Overcoming an addiction is difficult even for the strongest of people. Cognitive behavioural therapy, motivational interviewing, and family therapy are often the first strategies people and health care professionals use to treat addiction. However, these treatments may not be enough to help people fully recover from an addiction. Instead, many people need a combination of drug therapy and additional support strategies. Here are eight effective support strategies that can help people overcome an addiction.
Using Motivational Incentives And Rewards
Motivational incentives involve rewarding people for good behaviours, such as passing drug screening tests. By replacing the biological reward of consuming a substance or engaging in a compulsive behaviour with a reward for performing desirable behaviours, it is possible to curb an addiction and reach sobriety milestones. Some people are able to use this strategy on their own. However, it is typically more effective when someone else delivers the incentives and tracks progress. The rewards can take many different forms, including benefits, privileges, money. Studies show that monetary incentives are highly effective for treating drug and alcohol addictions. Generally, the larger the incentives are, the more effective the strategy is.
Creating A Network Of Support
Addiction is difficult to overcome alone. Individual and group counselling can be effective treatment strategies for addiction because they provide support from knowledgeable, understanding therapists or other addicts at varying stages of recovery. Many addicts find it helpful to attend support groups because it shows them that there are other people who have struggled with similar problems and are overcoming them. Family therapy can also be useful for creating a strong support structure within the addict's family. Some people even choose to join a therapeutic community living home, where people struggling with similar challenges tackle their addictions together.
Listening To Doctors And Therapists
It is important to listen to the advice of doctors, therapists, and counsellors. Not only do they want to help, but they are professionally trained to do so. Their advice is a combination of education in addiction studies and experience in helping others overcome addictions. If these professionals prescribe medication, for example, it is important to take it properly. Even if the first drug prescribed does not work, a doctor can prescribe a new one and continuously tailor a patient's treatment to his or her needs. In addition, it is important to attend all health care appointments so that doctors and therapists can monitor progress and adjust treatments as necessary.
Changing Everything Else
Although it may sound strange, another effective strategy for combatting addiction is to change everything other than the addiction. Because an addiction is a neurological compulsion, it can be very difficult to change. Other aspects of an individual's lifestyle are often easier to modify. As a result, it is possible to overcome an addiction by adopting a new routine and following it strictly. This may include attending all medical appointments, starting a regimented diet, and exercising daily. A negative habit is often easier to break when it is embedded in a generally positive lifestyle. There are many self-help programs that can help addicts change their lifestyle and habits to overcome their addiction.
Learning About The Addiction
An important step in treating an addiction is learning about it. It is far more difficult to overcome something that is unknown than to fight something that is well understood. By recognizing an addiction for what it is, an addict can learn about the addiction's weaknesses and learn how to manipulate the brain’s reward system against unwanted compulsions. In addition, by learning about addiction treatments, an addict can understand what steps to take, when to take them, and how to do it in a way that will minimize the risk of a relapse.
Coping With Stress
A major driver of addiction relapse is stress. After all, addictions are often a result of stress management gone awry. Thus, reducing stress is essential when attempting to overcome an addiction. Being aware of personal triggers that are most likely to increase stress helps to limit the consequences of it and reduce the risk of a relapse. For this reason, stress management strategies are often a key component of many therapies. Life can be unpredictable, and stressful events are inevitable.
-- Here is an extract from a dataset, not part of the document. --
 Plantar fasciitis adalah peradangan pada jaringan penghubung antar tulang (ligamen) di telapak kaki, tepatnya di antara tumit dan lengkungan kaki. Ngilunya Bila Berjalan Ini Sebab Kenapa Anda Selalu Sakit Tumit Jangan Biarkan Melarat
As a result, learning to cope with stress in healthy ways is critical for overcoming an addiction.
Seeking Inpatient And Outpatient Rehabilitation
Inpatient rehabilitation is available when stress and challenging life events become too much. Inpatient rehab usually consists of intensive, professional treatment at a facility. It typically involves a full course of anti-addiction medication and support from a team of therapists and clinicians who want to see the addict succeed. Although some addicts need to allow their clinical team to control all aspects of their treatment, others must have some independence. For these people, outpatient rehabilitation is ideal because it provides access to an intensive treatment without forcing people to give up their freedom by living in an inpatient facility. Some clinicians recommend an outpatient program at the end of an inpatient program to ensure adicts succeed on the road to recovery.
Getting Additional Treatment When Necessary
One of the most important strategies for treating addiction is knowing when more support is needed. This requires addicts to recognize the limitations of their current treatment plan and to ask for additional help when necessary. If therapy is not doing enough, a program is no longer working, or a relapse feels imminent, it is time to get additional treatment. Conquering an addiction can take multiple attempts, and there is nothing wrong with returning to earlier steps of a treatment plan to reinforce positive habits. In addition, there are always additional strategies addicts can try if their current ones are not working.